Published in final edited form as: Nat Biotechnol. 2022 Mar 24;40(8):1220–1230. doi: 10.1038/s41587-022-01250-0

Figure 4: Extensive heterogeneity in repressive chromatin encodes cellular identity.

Figure 4:

(A) Remodeling of repressive chromatin during CD8 T cell maturation. Heatmap shows the posterior probabilities (repressive state) in single cells for 14,585 genomic loci, as returned by scChromHMM. Cells are ordered by their progression along pseudotime (Figure 2C). (B) ChromVar deviation scores for the TBX21 and LEF1 motifs in single cells, ordered by their progression along pseudotime.
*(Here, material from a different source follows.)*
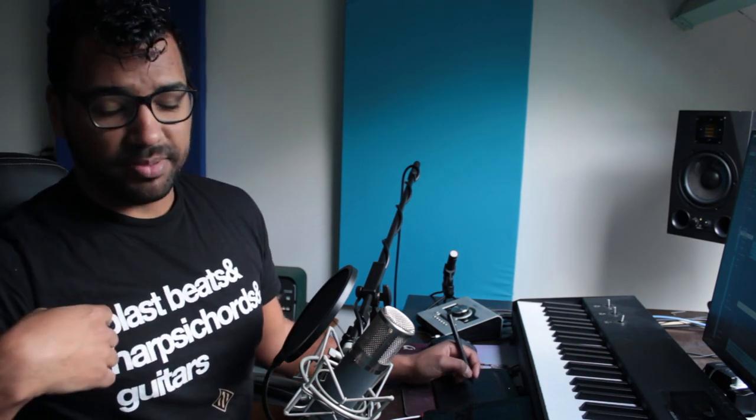Hey, what's up guys? Mendel here. Hope you're all safe during these weird times, but today I want to show you something really cool. Before we dig in, if you like blast beats, harpsichords, and guitars, get this shirt at the website in the description box below. Having that said, let's dig right in.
We used the scChromHMM-derived posterior probabilities as input to ChromVar, instead of chromatin accessibility levels. (C) Unsupervised analysis of scChromHMM-derived probabilities (repressive state) separates granular cell types. (D) Single-cell correlation matrix based on repressive chromatin at TSS (Supplementary Methods) when using all TSS (left heatmap), or after excluding the top 3,000 transcriptionally variable genes (right heatmap). In each case, the observed correlation structure is fully consistent with cell type labels, suggesting that there is extensive heterogeneity in repressive chromatin even for genes that do not vary transcriptionally. (E) Scatter plot showing average gene expression levels for all genes in CD14 monocytes (x-axis) and other cell types (y-axis). Colored points represent 1,597 loci where we detect changes in repressive chromatin for monocytes (Supplementary Methods). Blue points represent 1,340 loci where we do not detect an accompanying transcriptional change. Red points represent 257 genes where we detect a transcriptional shift. TPM: Transcripts Per Kilobase Million. (F) Four representative examples of individual genes shown as blue points in (E).